» WORK INSTRUCTIONS: All lines from the one containing "Vrouw handen met" to the final line of the material should be retyped exactly. Nothing else belongs in the response.

────────────────────

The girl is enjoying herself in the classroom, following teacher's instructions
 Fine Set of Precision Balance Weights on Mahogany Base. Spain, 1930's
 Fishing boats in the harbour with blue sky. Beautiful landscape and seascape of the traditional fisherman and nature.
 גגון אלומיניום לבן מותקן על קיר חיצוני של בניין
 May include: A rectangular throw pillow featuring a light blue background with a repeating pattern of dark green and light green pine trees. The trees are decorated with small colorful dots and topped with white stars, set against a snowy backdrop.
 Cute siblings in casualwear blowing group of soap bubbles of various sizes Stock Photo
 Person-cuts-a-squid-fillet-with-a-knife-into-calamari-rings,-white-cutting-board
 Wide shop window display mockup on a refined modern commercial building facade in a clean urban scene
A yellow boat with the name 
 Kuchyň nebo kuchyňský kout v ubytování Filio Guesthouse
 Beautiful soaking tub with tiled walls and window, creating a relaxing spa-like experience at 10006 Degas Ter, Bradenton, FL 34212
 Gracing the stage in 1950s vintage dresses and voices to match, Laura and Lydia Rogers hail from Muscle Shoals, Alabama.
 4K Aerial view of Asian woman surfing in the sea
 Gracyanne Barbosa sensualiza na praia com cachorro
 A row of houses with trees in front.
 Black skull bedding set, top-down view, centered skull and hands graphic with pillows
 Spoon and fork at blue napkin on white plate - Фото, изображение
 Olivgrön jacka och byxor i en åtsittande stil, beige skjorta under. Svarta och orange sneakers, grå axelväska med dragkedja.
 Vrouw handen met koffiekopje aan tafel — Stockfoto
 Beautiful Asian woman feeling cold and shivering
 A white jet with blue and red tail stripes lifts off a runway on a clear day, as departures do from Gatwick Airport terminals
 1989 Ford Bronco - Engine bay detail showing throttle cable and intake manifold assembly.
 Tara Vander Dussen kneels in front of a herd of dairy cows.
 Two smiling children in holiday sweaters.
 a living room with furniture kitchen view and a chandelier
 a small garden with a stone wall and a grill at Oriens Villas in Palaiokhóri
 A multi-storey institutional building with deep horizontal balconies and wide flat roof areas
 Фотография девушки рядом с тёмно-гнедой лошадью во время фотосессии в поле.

────────────────────

» EXERCISE OUTPUT:
 Vrouw handen met koffiekopje aan tafel — Stockfoto
 Beautiful Asian woman feeling cold and shivering
 A white jet with blue and red tail stripes lifts off a runway on a clear day, as departures do from Gatwick Airport terminals
 1989 Ford Bronco - Engine bay detail showing throttle cable and intake manifold assembly.
 Tara Vander Dussen kneels in front of a herd of dairy cows.
 Two smiling children in holiday sweaters.
 a living room with furniture kitchen view and a chandelier
 a small garden with a stone wall and a grill at Oriens Villas in Palaiokhóri
 A multi-storey institutional building with deep horizontal balconies and wide flat roof areas
 Фотография девушки рядом с тёмно-гнедой лошадью во время фотосессии в поле.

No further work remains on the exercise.